Incarnation of the Valmiki

  • Legend has it that Tulsidas, the revered poet, is thought to be the reincarnation of Valmiki, as per the Hindu scripture Bhavishyottar Purana. The story goes that Lord Shiva, in a conversation with his wife Parvati, foretold the incarnation of Valmiki in the Kal Yuga.
  • According to sources, it’s believed that Hanuman would visit Valmiki to delight in the rendition of the Ramayana. Even after the victorious saga of Lord Rama defeating Ravana, Hanuman continued to offer his devotion to Rama in the serene Himalayas.

Marriage History

  • He was married to Ratnavali (the daughter of Dinbandhu Pathak of Mahewa village and Kaushambi district) on the 13th of Jyeshta month (May or June) in the year 1583. After some years of marriage, he had a son named Tarak who died in his toddler state. Once upon a time, his wife went to her father’s home when Tulsidas had gone to the Hanuman temple. When he returned home and did not saw his wife, he swam along River Yamuna in order to meet his wife.
  • Ratnavali was very upset with his activity and blamed him. She remarked that he should become a true devotee and should focus on God. He then left her wife and went to the holy city of Prayag (where he renounced the stages of Grihastha’s life and became a Sadhu).

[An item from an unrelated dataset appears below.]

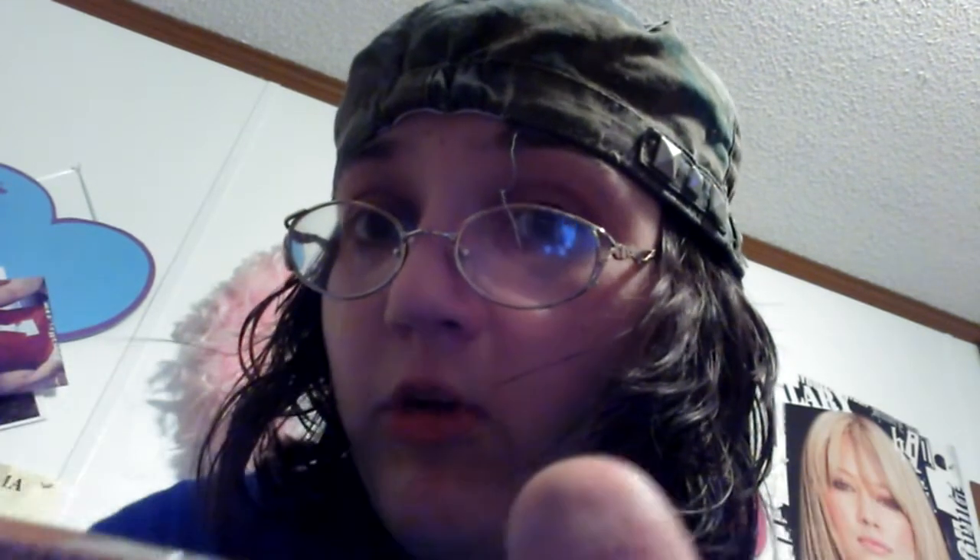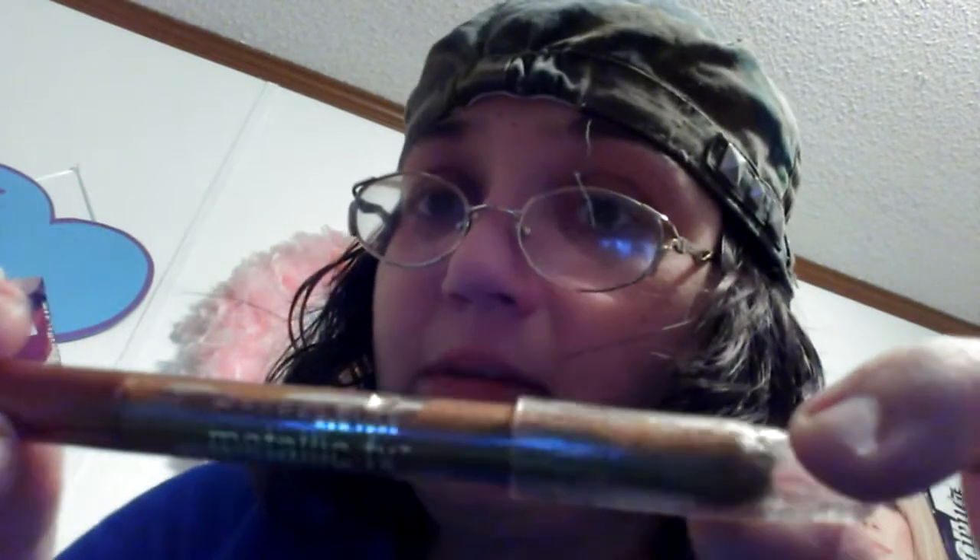This next one is from Maybelline New York. I think it's a liquid kind — I'm not really sure because I can't figure out how to sharpen it. It's in the color Copper Shimmer. It is so pretty. If you know how to sharpen these kinds of eyeliners, please let me know in the comments.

According to some authors, he was unmarried and Sadhu from birth.

Literary Journey

  • Tulsidas, after constructing the Tulsi Manas Mandir, received divine guidance to compose poetry in the vernacular language.
  • Lord Shiva and Parvati blessed him, directing him to go to Ayodhya and write in Awadhi instead of Sanskrit.
  • Initiated the writing of Ramcharitmanas in Ayodhya on Ramnavami, Chaitra month, in 1631.
  • Completed this epic endeavor in two years, seven months, and twenty-six days in 1633 on Vivaha Panchami (Rama and Sita’s marriage) in Margashirsha.
  • Tulsidas delivered the completed Ramcharitmanas to Lord Shiva and Mata Parvati at Kashi Vishwanath Temple in Varanasi.

Death of Tulsidas

  • Tulsidas erected a statue at Tulsi Manas Mandir in Chitrakuta, signifying his deep connection with Lord Rama.
  • Tulsidas peacefully passed away on the banks of the Ganges at Assi Ghat in the month of Shraavan (July or August) in 1623.
  • His legacy endures through the timeless verses of Ramcharitmanas.

Tulisdas and political controversies

  • While in the Ramcharitmanas, Lord Ram is maryada purushottam, the epitome of righteousness, his conduct has been criticised by leaders of anti-Brahmin movements like E V Ramasamy Periyar.
  • One of the 22 pledges that Dr B R Ambedkar administered to his followers while embracing Buddhism in October 1956 was: “I shall have no faith in Rama and Krishna, who are believed to be incarnation of God, nor shall I worship them.”
  • Non-upper caste assertion in politics has sometimes been manifested in criticism of the Ramcharitmanas.
  • Critics have used these parts of the poem to accuse Tulsidas of being against the non-upper castes and women, and a flagbearer of the idea of Brahminical superiority.

Key Points

  • Uttar Pradesh tourism emphasized the significance of Ramcharitmanas as well as its writer whose birthplace is visited by people in large numbers to pay their obeisance.
    • The Ramcharitramanas or Tulsi Ramayana is a retelling of the epic Ramayana, by Tulsidas in Awadhi language.
  • Tourism facilities would be developed, including accommodation and various other provisions to enable digital availability of the Ramcharitmanas.
    • With an expenditure of ₹21 crore, about two-and-a-half acres area near Tulsi Memorial in Rajapur village will go through beautification.
  • A park with medicinal plants, dormitory, digital library and interpretation center will be built as well.
  • At present, Uttar Pradesh tops the country in terms of domestic tourism. Tourist facilities are being continuously developed in the state.